What else makes this a perfect movie? Eric Roberts. Yeah, that’s right, the Biloxi-native took time out of his busy schedule of Indie Pop music videos to star in this sure to be epic, timeless, blah, blah, blah film. Okay, honestly, I think it’s funny that the whole argument of this film seems to be that women are special and deserving despite appearance and that size truly doesn’t matter. Yet all the dudes she’s attracted to, and the main love interest of this movie, are steroid-addicted, gym junkies.

Why not be honest about it and play in the plus-size league that your “talent” places you in? Put Orca-woman with a realistic guy like say Dr. Phil or Horatio Sanz’s dad? I don’t even find the jokes in the trailer funny – it’s like a worse Bridget Jones, or a better Pride and Prejudice. I laughed once while watching it, but it was because I was thinking about something that happened last night – hilarious. “You’re so ugly, your mamma got morning sickness after you was born.” Please oh holy God don’t ever use that. If you do, you deserve to have a stapler shoved in your butt.

If you’re fat – try getting your stomach stapled. Or here’s a novel thought, try running or walking, and not to Pretzel Time and Sbarro. Sure, Hollywood is ridiculous – but celebrity stars, to me, are meant to be superhuman and creepily "in shape." I don’t want to watch a lady who eats all the thin mints at her desk and then goes into the women’s restroom for three hours to take a catastrophic dump – I want to watch ridiculously good-looking people do crazy shit.

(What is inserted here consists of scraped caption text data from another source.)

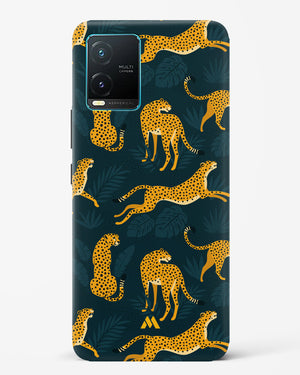 Cheetahs in the Wild Hard Case Phone Cover (Vivo)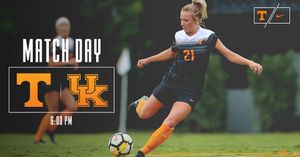 Image post by @vol_soccer on Instagram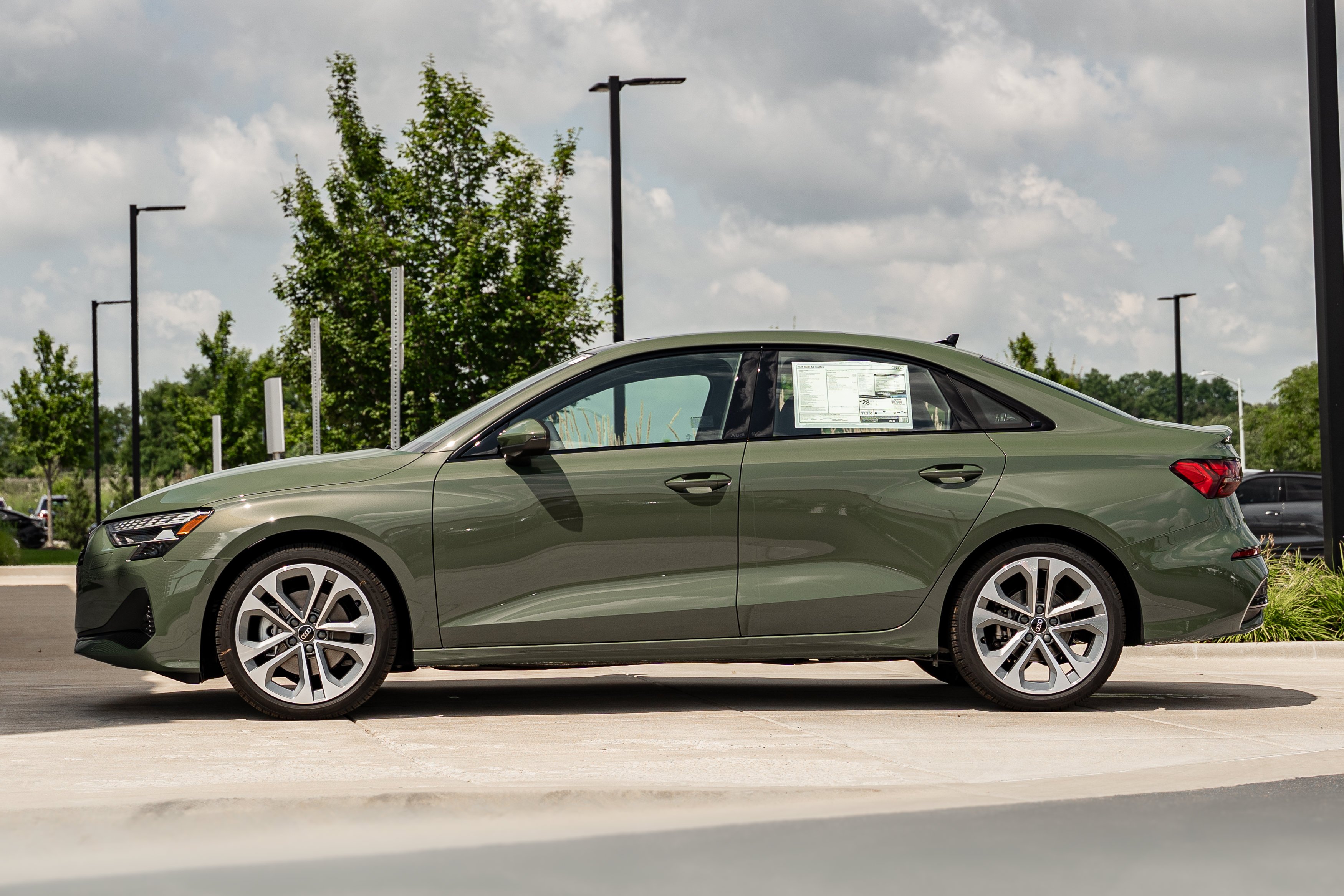 New 2026 District Audi  image 6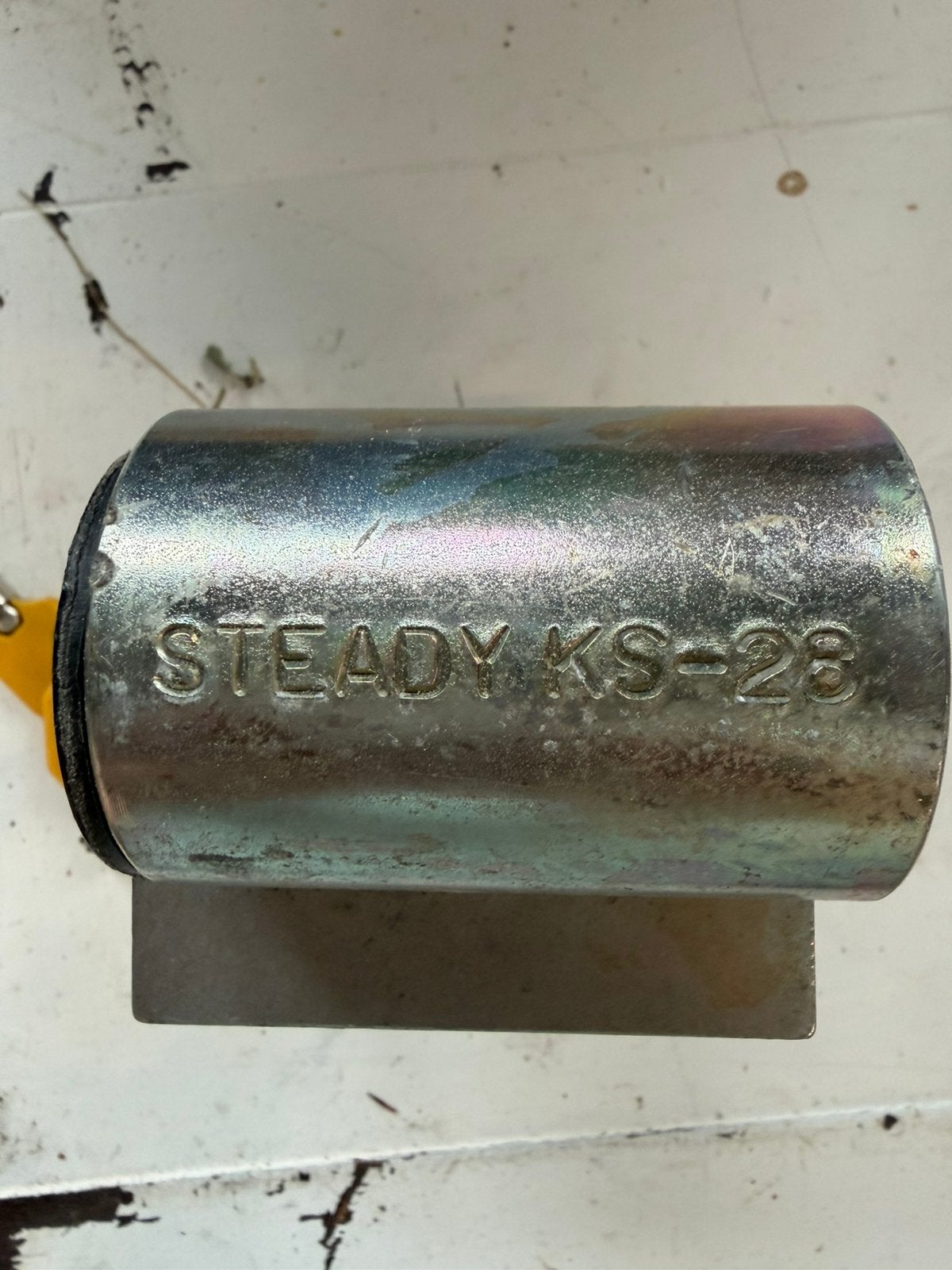 Steady KS-28 disselslot, Ophalen of Verzenden, Gebruikt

“Jasmine Biltmore refuses to stuff her super-sized dreams into a minus-sized world.” If there were an honest voiceover for this movie, it would be something like this: “This fat chick wants to change her life, but instead of working out and trying to help herself, she’s gonna do the idiotic thing and think that someone else, this weird jacked African guy, will solve all her problems with his massive-anaconda cock and vague history. We’ll all probably learn something we already knew.”

The only thing that could redeem this trailer for me is if they showed Eric Roberts in his best role ever, Best of the Best, kicking the crap out of an evil Korean. He had a dislocated shoulder and won for the U.S. Team, that’s amazing stuff, people. Amazing stuff.

2 comments:

MertMengelmier said...

Thanks Ben, my hero - my man hero, for the help. Matty

Accidentally Disastrous said...

You wish it was ben...
That boy is sleepin off his saki!
It was me!!!!!!!
I will show you what to do with a pictures when i see you on saturday. boo-yah!